It's also become my strength to face that I can't control others, only me, truly. When uPDm says something rude instead of telling her that's rude I say 'why would you say that' and shut it down.

This person may have honed in on your nature and is taking advantage. You get to decide how you spend your precious time. You've already said why and telling her you've already said why it isn't working is sufficient. You owe no further explanation. She may try to Hoover you back in, turn it around back on you, and try to work on this or that, make false promises only to fail if it's not in her nature to respect others. It's not wrong to be busy, unavailable, block email and number if you choose. Protect yourself any way you wish.

Dutch Uncle

#4
Hi,

I'm sorry I was right about the vitriolic reply. As much as I value validation, there are times I can do without.  ;)
I trust you can relate.

Quote from: Flutterbye on May 23, 2016, 09:48:48 AM
I'll chalk it up to a experience.
That's the spirit!

QuoteMy only regret is I put it in writing by emailing her so she could circulate it to mutual acquaintances if she wishes.
Well, if she does, you could always give your mutual acquaintances the short version. And then close the subject, and see what happens. Within a week or so this will probably all over.

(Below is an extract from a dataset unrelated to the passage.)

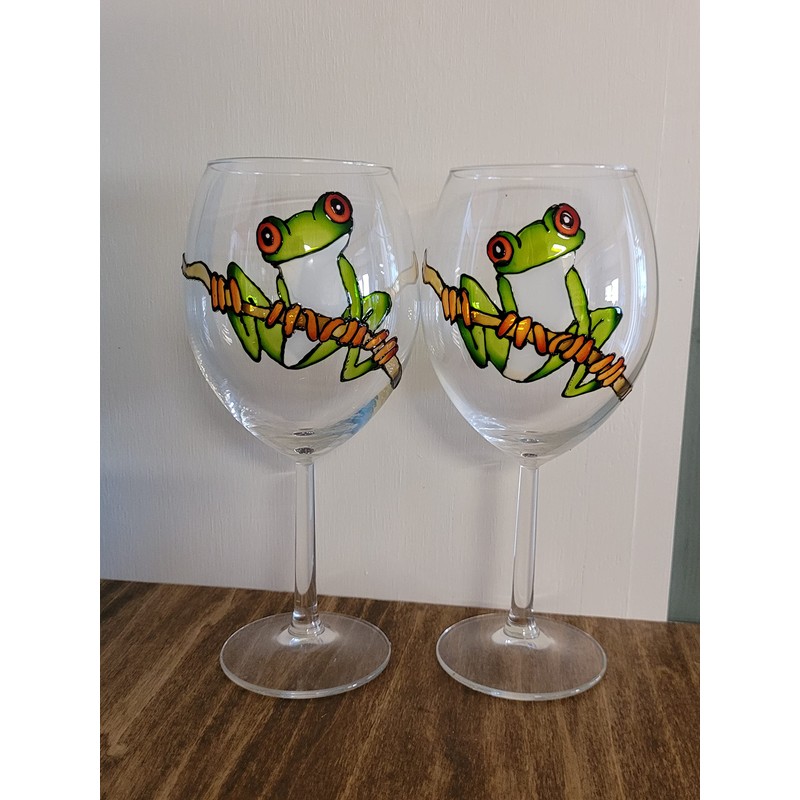 Green Tree Frog Hand Painted Stemmed Wine Glasses Set of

I think you can give yourself a pat on the back. You handled this well. Especially given the circumstances.  :thumbup:

Take care,
:hug:

Flutterbye

Quote from: Butterfly on May 23, 2016, 09:58:08 AMThis person may have honed in on your nature and is taking advantage.
good point, thanks for the reminder Butterfly. Rings true. I forget that just because I've gone NC with my Nmum doesn't mean I won't meet another N's while I'm trying to make new friends.

Thanks again DU for your support & advice. The SHORT version! Indeed. :)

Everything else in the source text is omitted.